Your goal ::
Restate word for word the lines of the listing below, from its first line through the line with "alley at night.", without the pictures.

Extracted material ::

- - - -

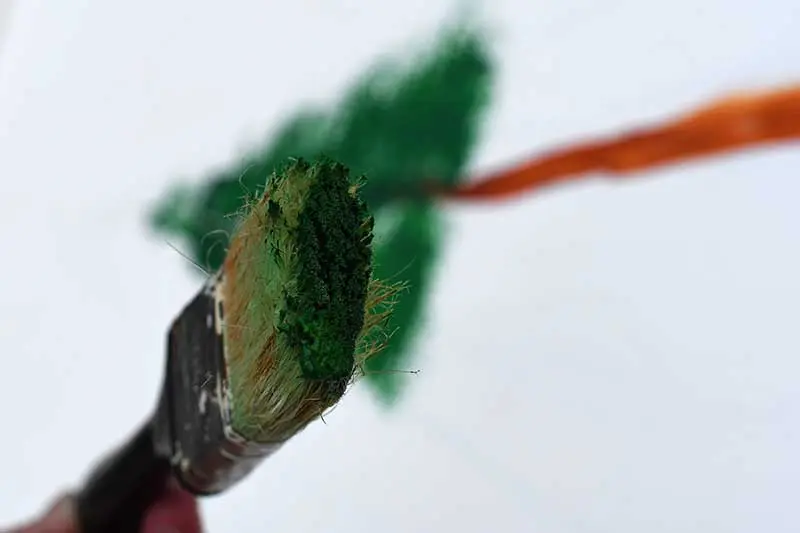 Green paint on the tip of the paint brush.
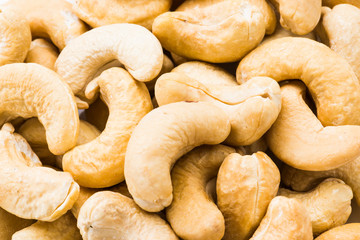 fresh cashew nuts on a white dish above the white background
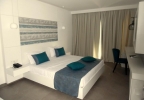 Кровать или кровати в номере Hotel El Fell 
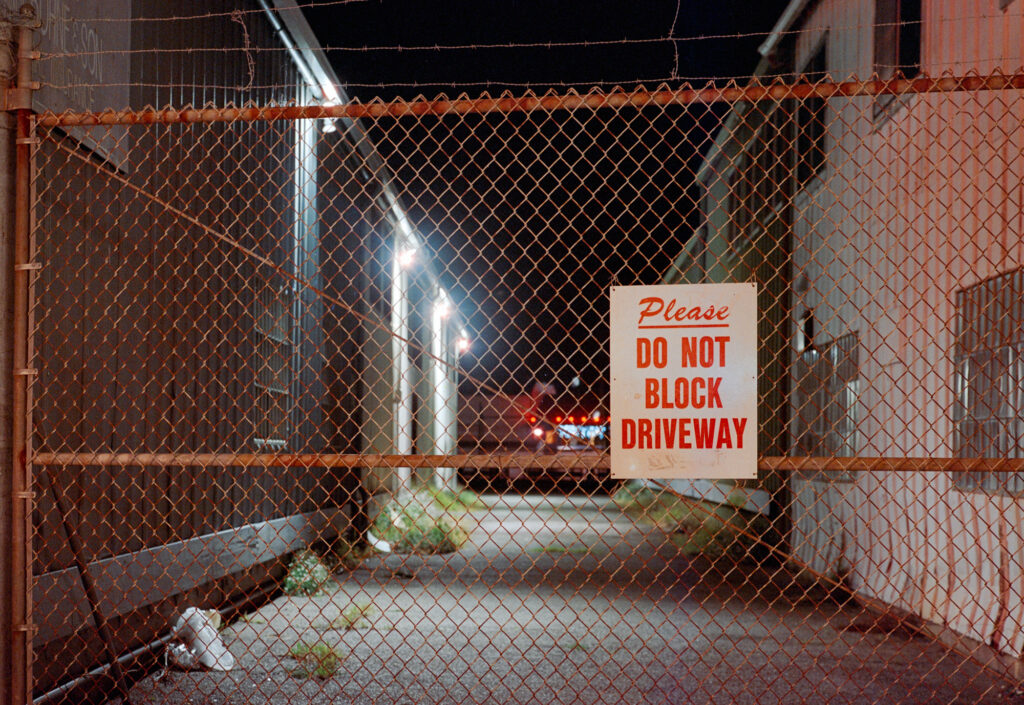 "Please do not block driveway" sign on a gate closing an alley at night.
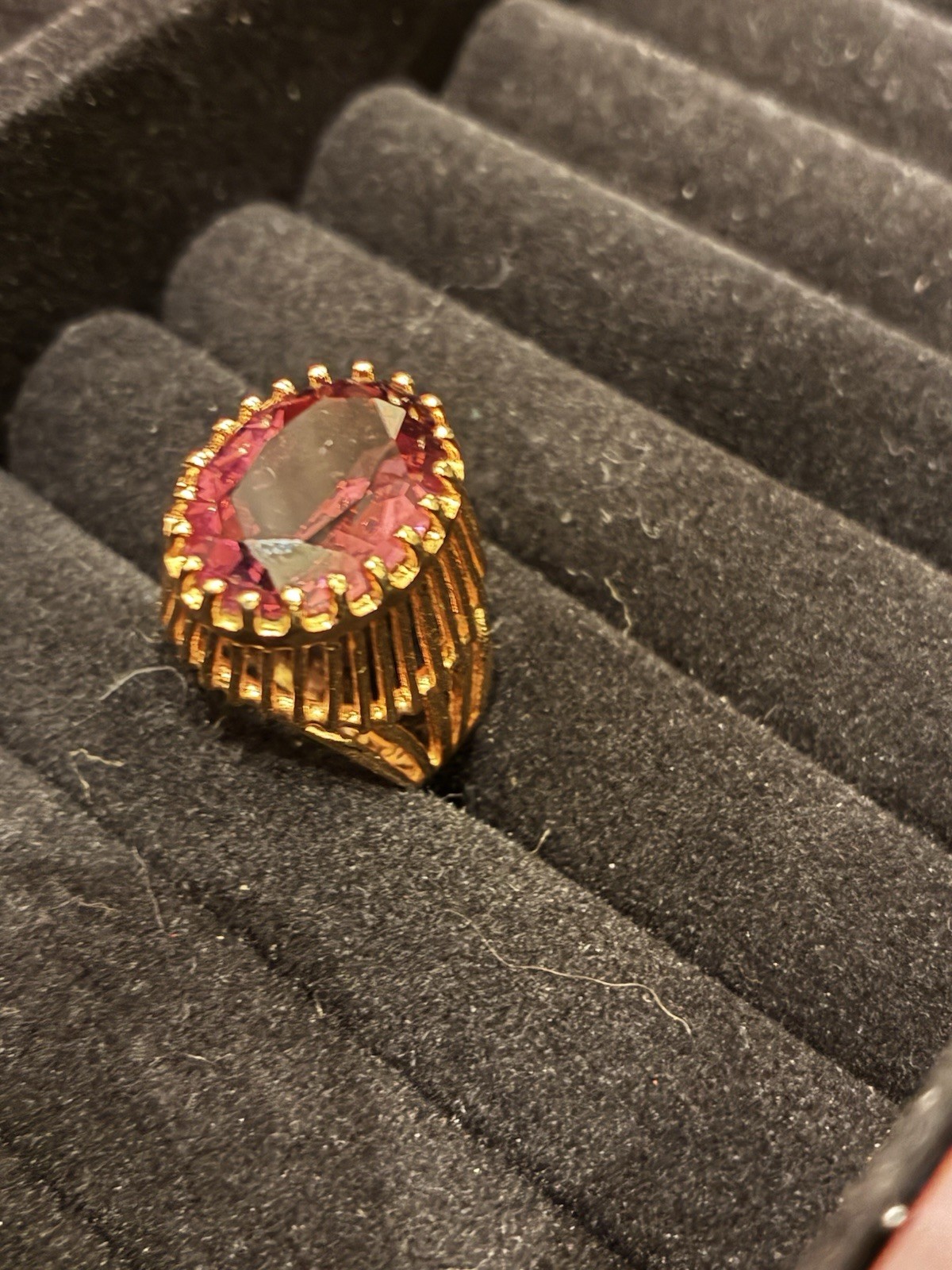 yellow gold cocktail ring, large red purple stone in prong setting 7.5-8.0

- - - -

Output below ::
 Green paint on the tip of the paint brush.
 fresh cashew nuts on a white dish above the white background
 Кровать или кровати в номере Hotel El Fell 
 "Please do not block driveway" sign on a gate closing an alley at night.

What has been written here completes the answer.